_TASK DIRECTIONS_: Would you return the lines between the one holding "MON PETIT LA ROSEE ECORECH GEL LAV" and the one holding "Banco do Brasil", inclusive, and only those, exactly as they stand in the listing below?

_DATA FOR REVIEW_:
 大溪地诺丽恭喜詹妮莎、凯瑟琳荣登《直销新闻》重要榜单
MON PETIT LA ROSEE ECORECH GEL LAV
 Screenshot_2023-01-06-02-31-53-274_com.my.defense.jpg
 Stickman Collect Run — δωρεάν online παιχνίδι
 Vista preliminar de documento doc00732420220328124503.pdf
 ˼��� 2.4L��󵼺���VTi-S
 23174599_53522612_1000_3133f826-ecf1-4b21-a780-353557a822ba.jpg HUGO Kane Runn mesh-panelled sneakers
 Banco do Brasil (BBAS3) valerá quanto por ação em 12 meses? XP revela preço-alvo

* * *

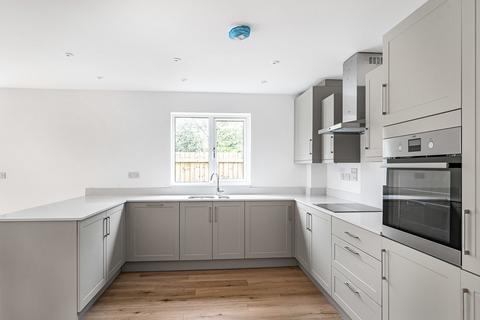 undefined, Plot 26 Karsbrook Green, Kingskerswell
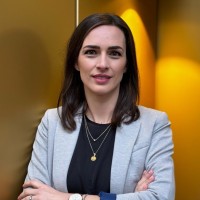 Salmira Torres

_RESULT OF THIS EXERCISE_:
MON PETIT LA ROSEE ECORECH GEL LAV
 Screenshot_2023-01-06-02-31-53-274_com.my.defense.jpg
 Stickman Collect Run — δωρεάν online παιχνίδι
 Vista preliminar de documento doc00732420220328124503.pdf
 ˼��� 2.4L��󵼺���VTi-S
 23174599_53522612_1000_3133f826-ecf1-4b21-a780-353557a822ba.jpg HUGO Kane Runn mesh-panelled sneakers
 Banco do Brasil (BBAS3) valerá quanto por ação em 12 meses? XP revela preço-alvo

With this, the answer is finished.